Goal of the exercise:
Quote word for word the lines starting at the line with "Βενιζέλος: Διπλός στόχος" and ending at the final line of the entries. Leave out any pictures.

Extracted information:
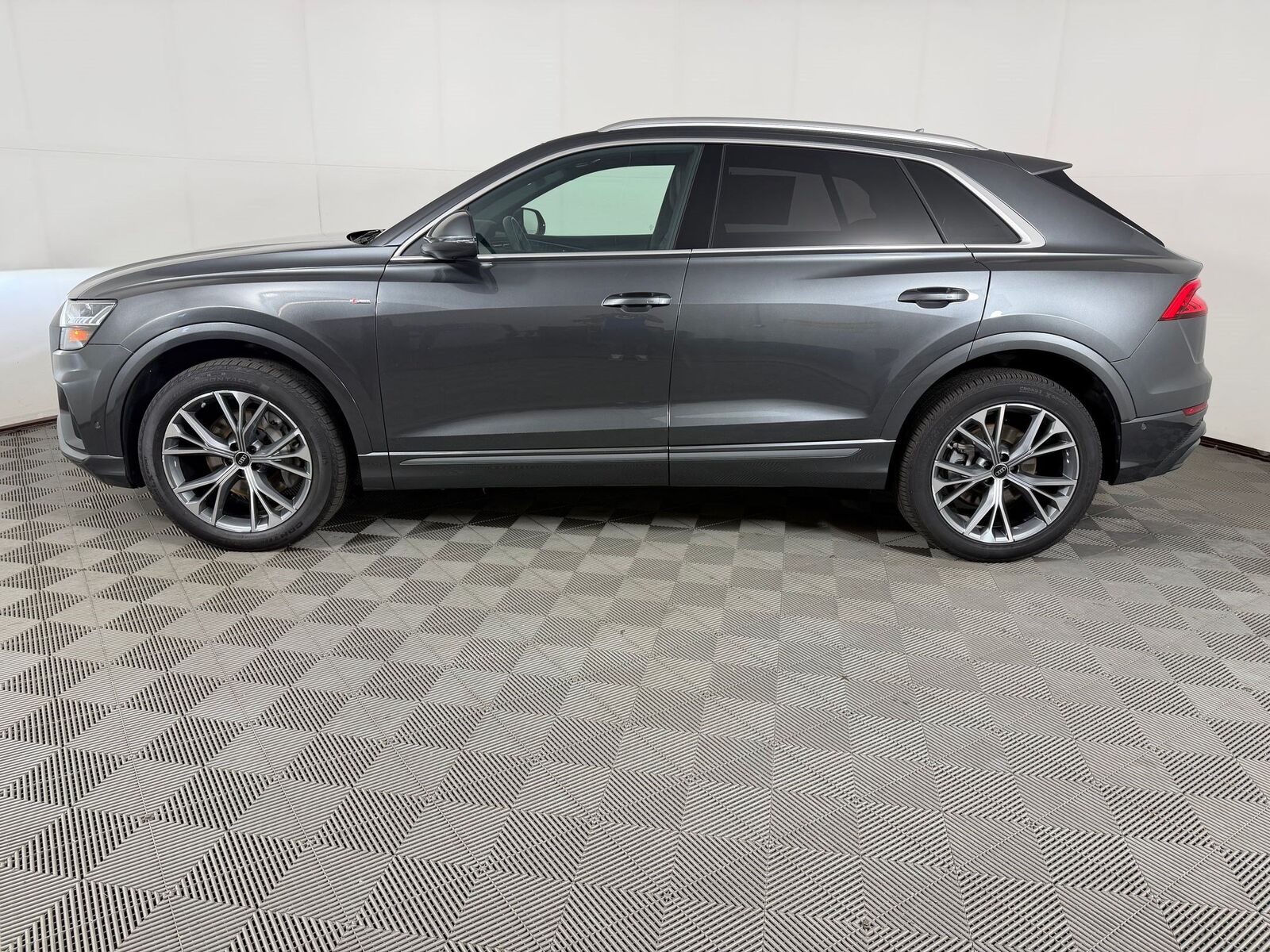 2023 Audi Q8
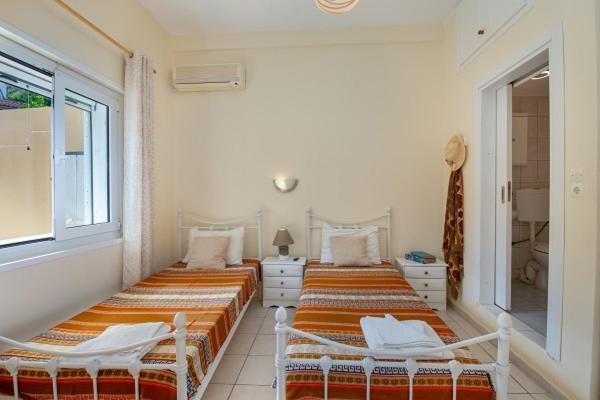 Arthur House Longos  Luaran gambar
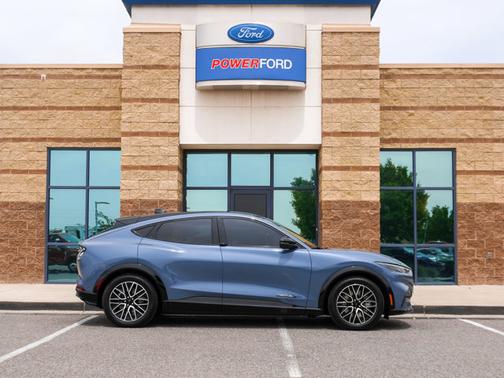 2024 Ford Mustang Mach-E PREMIUM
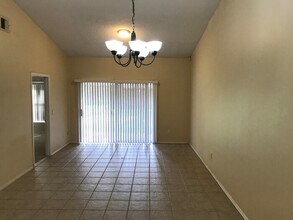 14536 Laguna Beach Cir in Orlando, FL - Building Photo - Building Photo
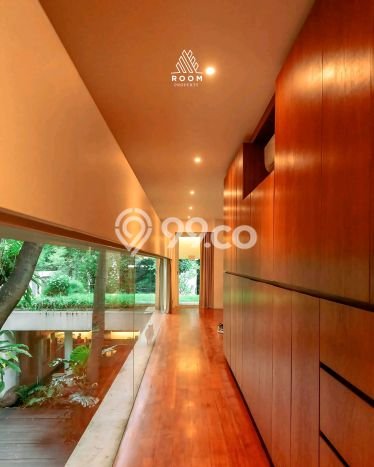 Rumah Elit LB 314m2 Siap Huni Desain Elegan di Jati Padang, Jakarta Selatan Rumah Elit LB 314m2 Siap Huni Desain Elegan di Jati Padang, Jakarta Selatan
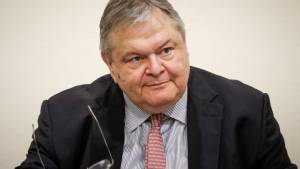 Βενιζέλος: Διπλός στόχος για διάσωση και αναδιάρθρωση της οικονομίας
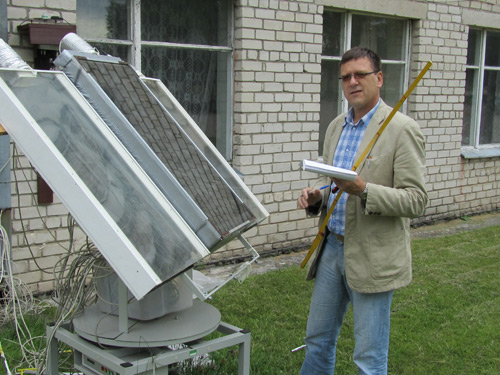 Vadošais pētnieks A. Āboliņš veic pētījumus ar gaisa uzsildes saules kolektoriem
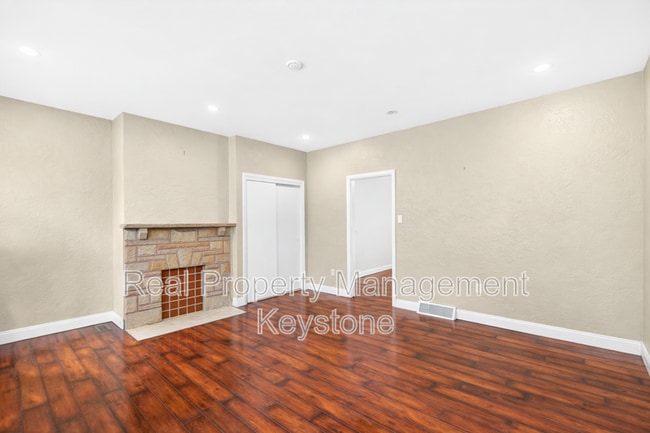 2835 Edwards Wy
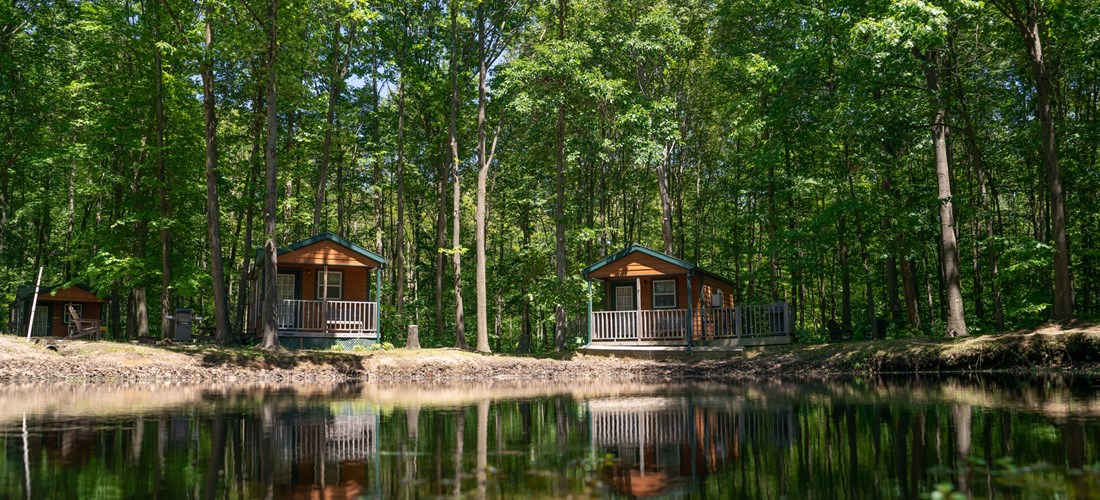 Studio cabins near pond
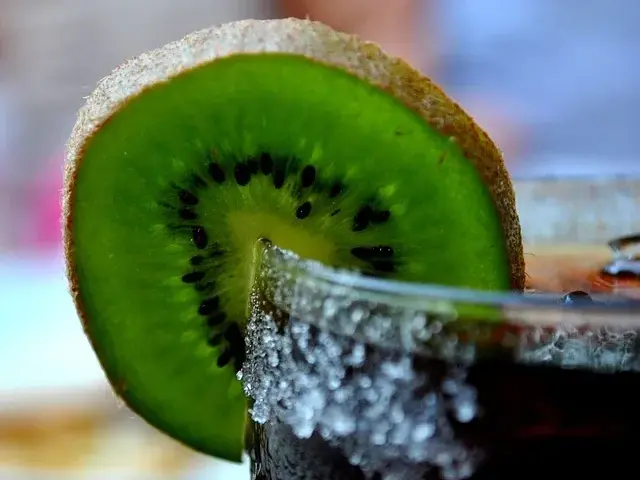 Męski drink: najlepsze przepisy na mocne koktajle na każdą okazję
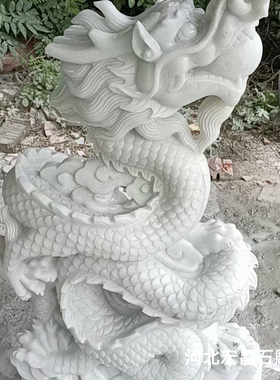 喷水石雕龙大型汉白玉雕刻盘龙寺庙景区水景石雕吐水生肖石龙雕刻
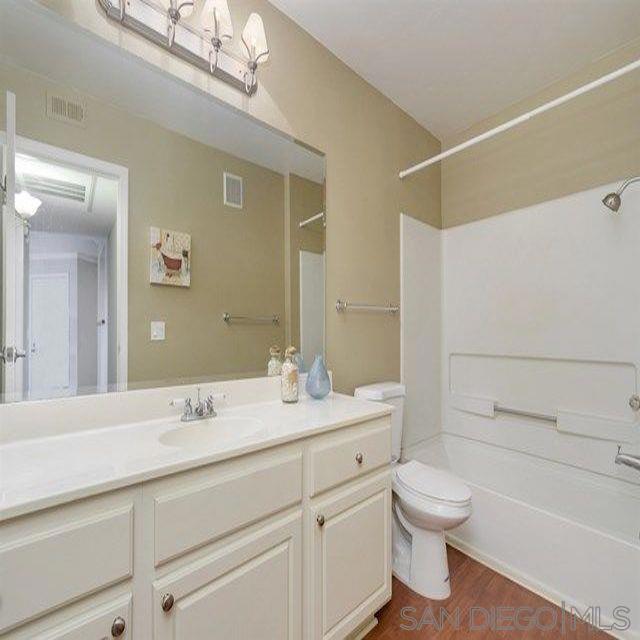 12007 Alta Carmel Ct, San Diego CA: https://media.crmls.org/mediaz/5e30e837-5ad1-4e4f-92f4-a322ba1c6fb1.jpg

Response box:
 Βενιζέλος: Διπλός στόχος για διάσωση και αναδιάρθρωση της οικονομίας
 Vadošais pētnieks A. Āboliņš veic pētījumus ar gaisa uzsildes saules kolektoriem
 2835 Edwards Wy
 Studio cabins near pond
 Męski drink: najlepsze przepisy na mocne koktajle na każdą okazję
 喷水石雕龙大型汉白玉雕刻盘龙寺庙景区水景石雕吐水生肖石龙雕刻
 12007 Alta Carmel Ct, San Diego CA: https://media.crmls.org/mediaz/5e30e837-5ad1-4e4f-92f4-a322ba1c6fb1.jpg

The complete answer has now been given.